ALI in the Middle East_May 2014

Arava Rift Zone from Mitzpe Ramon
June 27, 2014

ALI co-directors Hadley and Peter Arnold traveled to Israel, Jordan and Palestine in May to explore exchange possibilites with the Arava Institute, an environmental peace-building program that brings students together from across the Middle East.  The trip was designed to introduce ALI to the water-energy challenges and opportunities facing the region, and identify points of possible collaboration. Students and faculty interested in finding out more are invited to drop us a line.

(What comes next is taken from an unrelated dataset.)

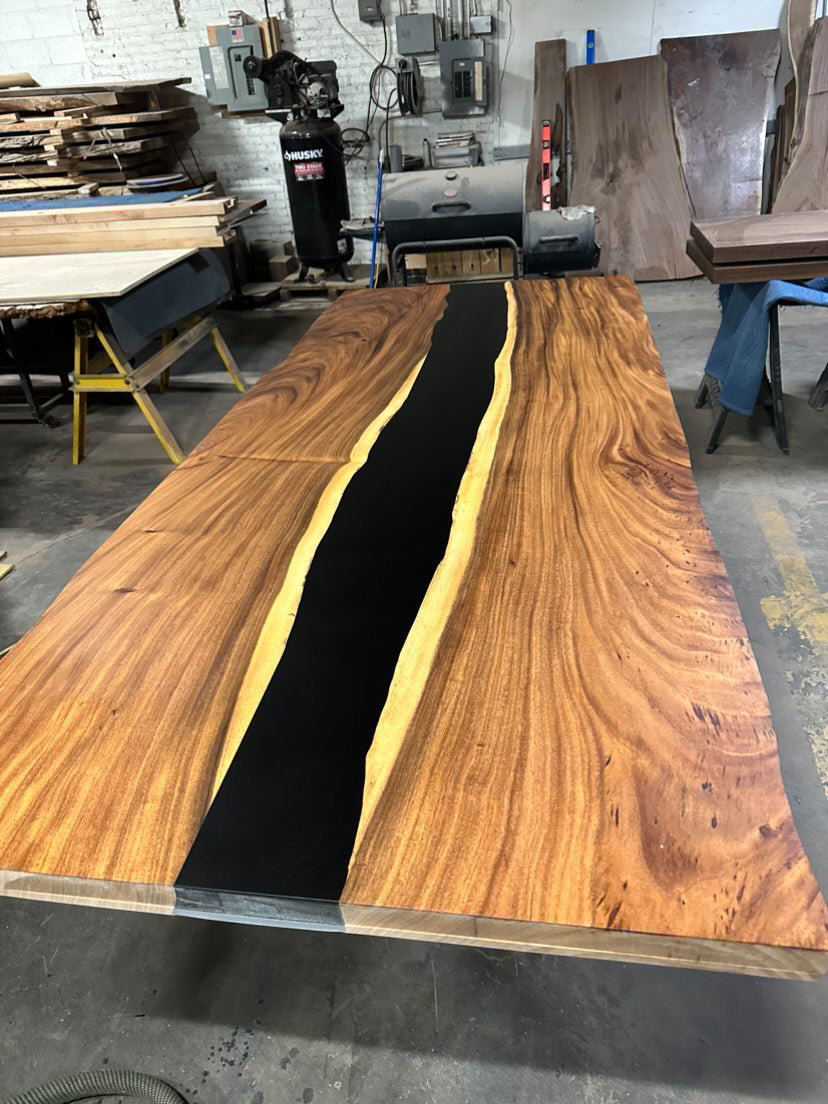 Product image 1: Black Walnut Live Edge River Epoxy Dining Table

Against a backdrop of profound mistrust, violent conflict, and militarized landscapes, Arava students, professors, alumni, and NGO partners work to build stable, collaborative cross-border projects with shared management of natural resources. Projects led by Dr. Clive Lipchin of Arava's Center for Transboundary Water Management include urban greywater installations in Beit Sahour, Palestine, designed to alleviate septic contamination of local aquifers; smallscale biogas reactors in unrecognized Bedouin villages in Wadi Aricha; and the early stages of transboundary stream restoration, where widely divergent contamination standards and enforcement practices undermine water systems shared by multiple cultures.
In the Negev desert, ethonbotanist Elaine Solawey has identified and propagated water-effiicient, salt-tolerant, nutrient-dense, soil-building cash crops in the desert at Kibbutz Ketura for 40 years. Her most renowned project: successfully germinating Methusaleh, a 2,000-year-old date palm seed uncovered in excavations at Masada.  We saw strong possibilties for applying and testing her botanical research in salt-crusted environments in California such as the dry Owens Valley Lakebed.
In Jordan, hydrologist Dr. Samer Talozi introduced us to the condition of the Jordan River as it reaches the Dead Sea.  With surface water overallocated between Syria, Palestine, Jordan, and Israel, the river consists principally of agricultural run-off, industrial effluent, and wastewater, some treated, some not, by the time it reaches its outlet.  Dr. Talozi outlined challenges to groundwater posed by Syrian refugee camps; the limitations of Jordan's first national water carrier, opened in 2013 and found to contain naturally occurring radioactive contamination shortly thereafter; and the most recent version of the Red Sea-to-Dead Sea proposal.  With potable water restricted to weekly deliveries, the rationale for desalination is a strong one.  The proposed desal plant would produce fresh water delivered to Israel in the south in exchange for surface water transfers to Jordan from the Galilee in the north.  The impacts of brine on the Red Sea maritime environment; the cost of the energy-intensive desalination process on an energy-poor nation (Jordan imports 97% of its energy); and a collaborative management framework remain challenges.
In search of ingenuity built into historical and vernacular landscapes, we peeled off from contemporary water projects to take a look at the archeological water systems of Jarash, the best-preserved Roman city in the Levant; the carved sluices of Nabatean Petra, its redrock landscape moulded to carry, bank, and celebrate desert stormwater; and the masssive lift of desert water to Herod's mesa-top palace at Masada, complete with temple-scaled cisterns, palace moats, and infinity pools 1,000 feet above the hyper-arid desert floor.  We explored Jerusalem's ancient water supply before heading north to trace Israel's national carrier and water-recycling system up the (over-allocated, effluent-contaminated, barbed-wire-bounded) Jordan River to the Sea of Galillee. Crossing to the 11-km aqueduct at Caesarea and back to Tel Aviv, our meeting with  Ofir Ben Tov, aerial photographer of desert landscapes, was a revelation and, we hope, the beginning of a great friendship.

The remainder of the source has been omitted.